ABSTRACT
The results of this study argue that communication, and specifically oral communication education, is critical to students’ future personal and professional success. Similar to two earlier studies, thematic analysis of 679 documents in academic and popular press publications, published from 2008 to 2015, provide support for the centrality of the communication discipline’s content and pedagogy. These results reinforce the importance of communication to enhancing organizational processes and organizational life; promoting health communication; enriching the educational enterprise; understanding crisis, safety, risk, and security; improving interpersonal communication and relationships; influencing diplomacy and government relations; being a responsible participant in the world, socially and culturally; developing as a whole person; and succeeding as an individual in one’s career and in business. The kinds of communication addressed as important in each of these nine general themes are outlined, and the results are compared with those in the first two iterations of the study.
Notes on contributors
Sherwyn P. Morreale (Ph.D., University of Denver, 1989) is Professor of Communication at the University of Colorado Colorado Springs.
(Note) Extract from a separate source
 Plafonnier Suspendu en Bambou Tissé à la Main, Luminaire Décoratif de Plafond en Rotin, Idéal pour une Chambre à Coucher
Sherwyn P. Morreale may be contacted at [email protected].
Joseph M. Valenzano, III (Ph.D., Georgia State University, 2006) is Associate Professor of Communication at the University of Dayton.
Janessa A. Bauer (M.A., 2015) is Adjunct Lecturer at the University of Colorado Colorado Springs.
Notes
1. Unless otherwise noted, all usage of “communication” or “communication education” is meant to refer to “oral communication” as opposed to “written communication.”